# SUPPLIED INFORMATION:
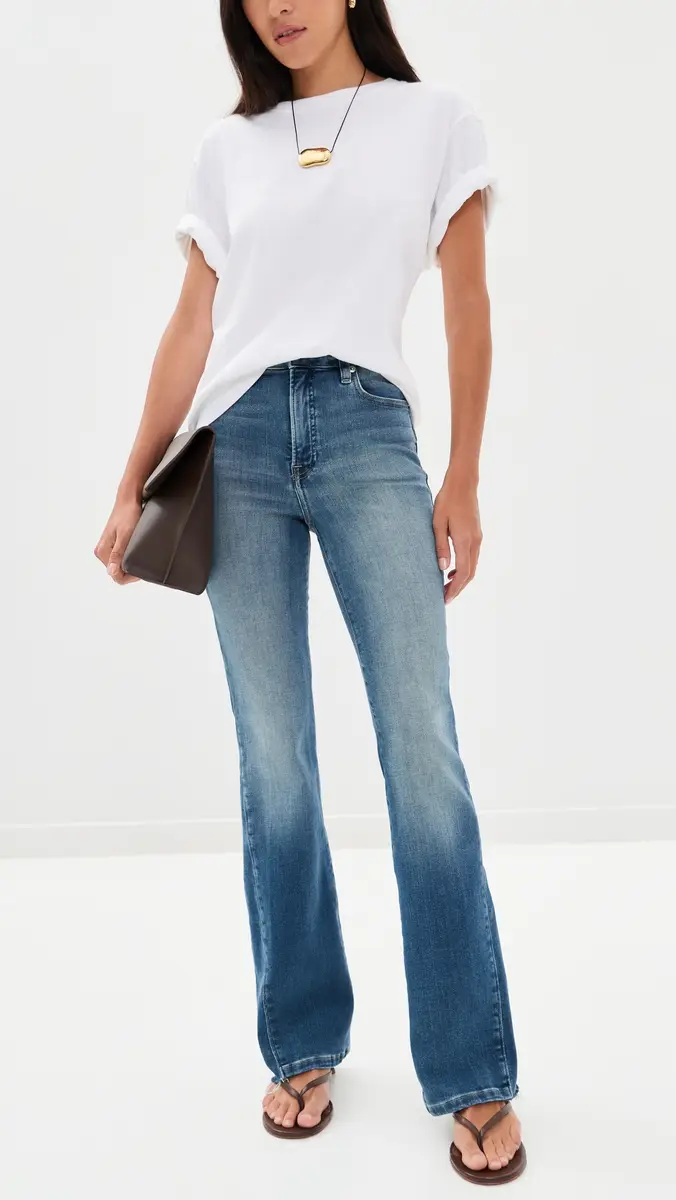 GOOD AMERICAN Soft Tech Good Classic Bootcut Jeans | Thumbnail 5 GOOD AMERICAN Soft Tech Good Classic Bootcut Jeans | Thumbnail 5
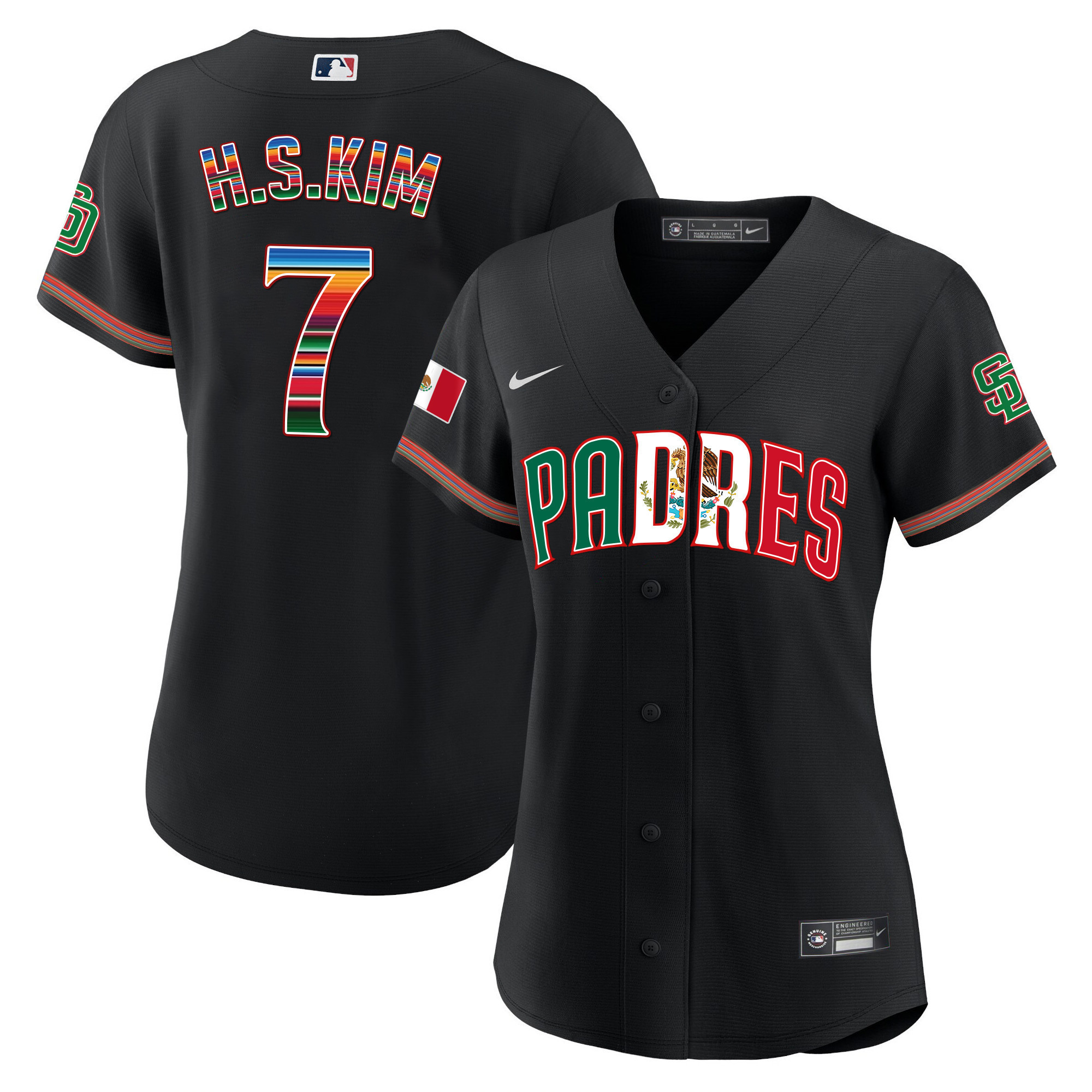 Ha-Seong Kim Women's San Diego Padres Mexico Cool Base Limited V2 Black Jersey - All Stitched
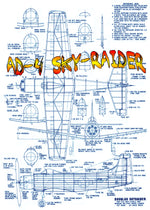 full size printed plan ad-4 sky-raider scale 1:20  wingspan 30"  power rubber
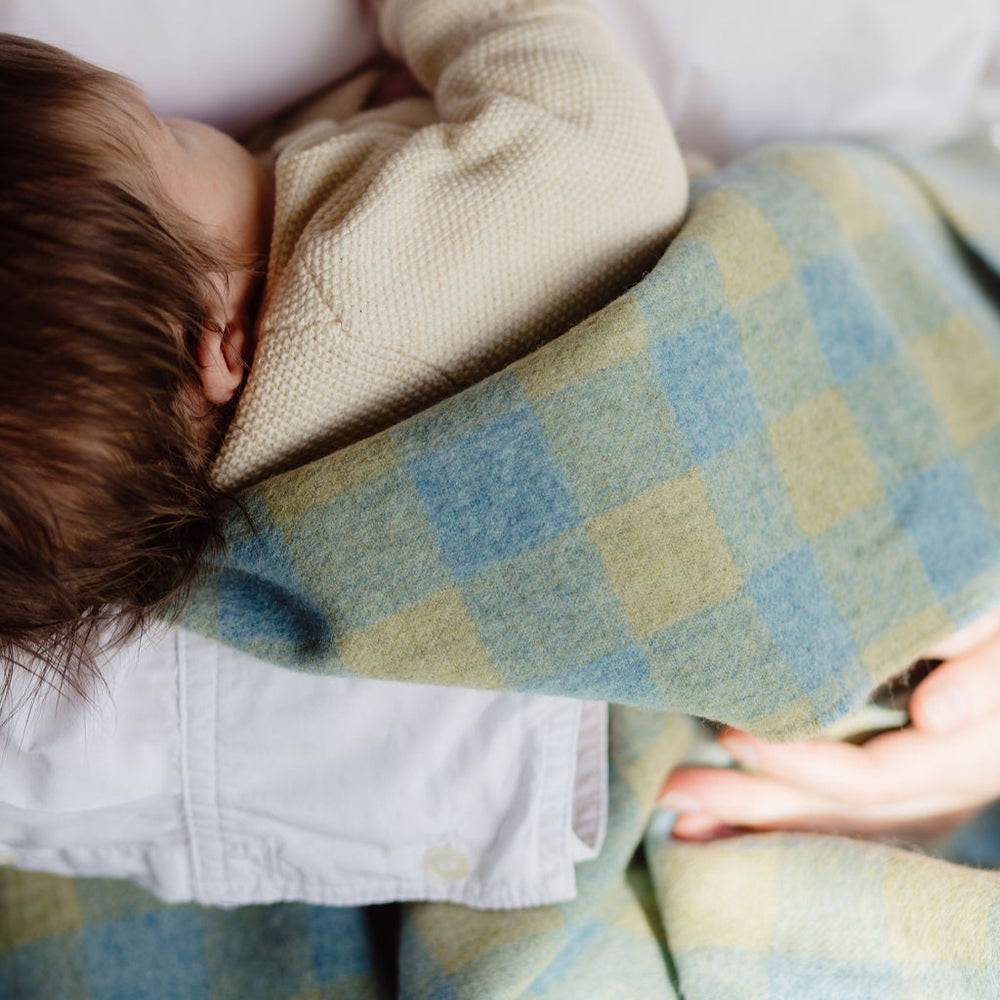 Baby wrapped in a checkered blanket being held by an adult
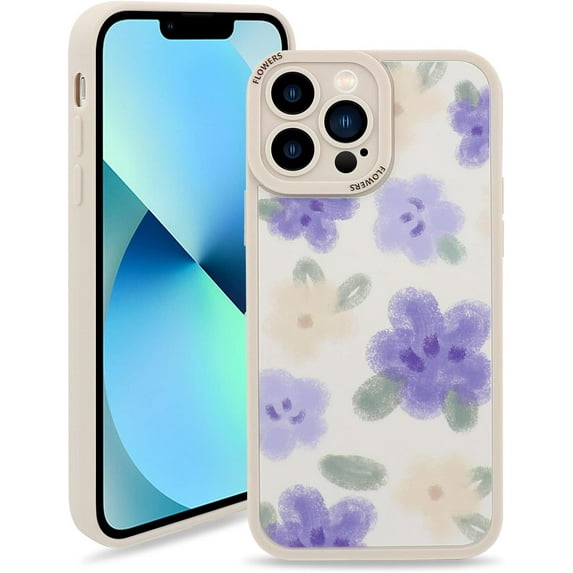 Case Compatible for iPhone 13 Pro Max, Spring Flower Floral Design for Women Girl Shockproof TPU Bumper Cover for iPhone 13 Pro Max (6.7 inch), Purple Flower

==

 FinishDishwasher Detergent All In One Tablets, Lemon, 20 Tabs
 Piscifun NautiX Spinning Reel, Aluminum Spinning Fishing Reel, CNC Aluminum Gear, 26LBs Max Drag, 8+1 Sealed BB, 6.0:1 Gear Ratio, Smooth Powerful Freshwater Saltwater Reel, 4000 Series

# YOUR ASSIGNMENT:
Look above for the line with "Baby wrapped in" and the line with "Case Compatible for". Give again exactly those two lines and all lines between them, pictures excluded.

# SOLUTION:
 Baby wrapped in a checkered blanket being held by an adult
 Case Compatible for iPhone 13 Pro Max, Spring Flower Floral Design for Women Girl Shockproof TPU Bumper Cover for iPhone 13 Pro Max (6.7 inch), Purple Flower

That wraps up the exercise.